Friday, January 20, 2012
Book Review: The Path of Daggers by Robert Jordan
This is yet another good book in the Wheel of Time series. Being nearly in the middle of the series (book 8 of 14) means that it still plods along tidying up some plot lines and adding new complexities. The book itself is fine, but it feels incomplete by itself. You really need the prior and future books to really get at the story.
The plot section in this review will have some spoilers on the story up to this point. The characters are the same ones we've grown to love, though this book focused more on the women- Egwene, Elayne, Nyneave, and Aviendha feature prominently. Rand and Perrin do have viewpoints, though, and their plot lines advance too. As always, Rober Jordan features very strong women, a natural consequence of the world building. Hence, the women's thoughts can seem progressive and modern when placed in a middle-ages type world.
Spoilers in this section.
When I first read the Wheel of Time series, I went very fast going directly from one book to the next. Hence, I have a hard time remember which events took place in which book.
Last book (or was it two ago?), we saw the girls acquire the Bowl of Winds in Ebou Dar. In this book, we see them finally use it to fix the weather. This is the event depicted in the ebook cover, which is the version I used. We also see the assimilation of Illian into Rand's 'empire' after the battle with Sammael in the previous book, his attach against the Seanchan forces on Ebou Dar, and the attempt on his life by the Asha'man. A lot of pressure is on the Dragon Reborn to coalesce his forces and ready for the Last Battle, though that is still many books away. Perrin is a cool character, but I always felt his plot to be a bit dull (at least compared to Mat's and Rand's). I just don't care that much about the Prophet and Faile. It's impossible for me to recount here all the tiny, but significant, plot events that occur in books like these.
Part of the book focuses on the girls and some of the Aes Sedia, but we also switch to Perrin and Rand in their separate plot lines. Rand has started getting harder and harder, an ongoing process for the next few books, the consequences (and resolution) of which we learn in The Gathering Storm (Book 12). Egwene finally starts to get some respect, but she still has a ways to go.
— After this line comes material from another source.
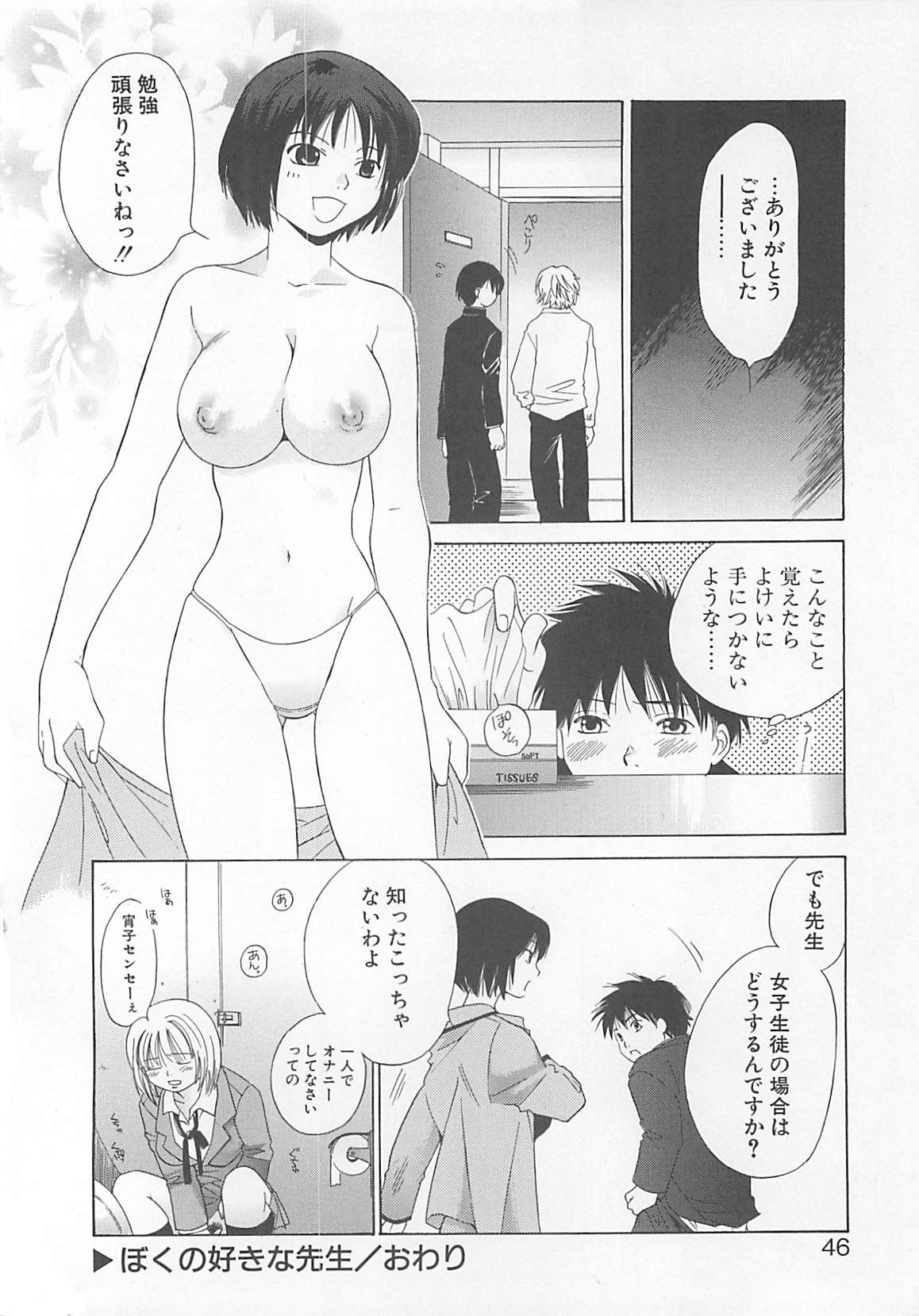 [甘夏真琴] みるくせえき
One particularly thing I like in this series is that the character's style of speech is clearly distinct and heavily influenced by their country of origin. Very subtle changes in word order or in phrasing sentences go a long way to establish these patterns. The Illianer way of speech do be one of my favorites. Taraboners, they also possess a unique style, yes?
Setting / World Building
This is a Wheel of Time book, so the setting is already well established. We know the countries and how the magic system works. At this point in the series very little is being introduced, though we do get some more insight into the Warder bond and learn of the difficulties on learning second versions of weaves you are already familiar with. We also learn some interesting tidbits on Callandor and can see the gears moving in Rand's head about saidin and the most powerful sa'angreal.
Another fine addition to the Wheel of Time series. It is not my favorite, but it does have some cool moments. It's very difficult to judge a book like this on it's own worth since it depends so much on the prior books and promises so much for books to come. I'll be continuing my reread, but with many other books between these.
Next up is a break from epic fantasy by reading Anathem by Neal Stephenson.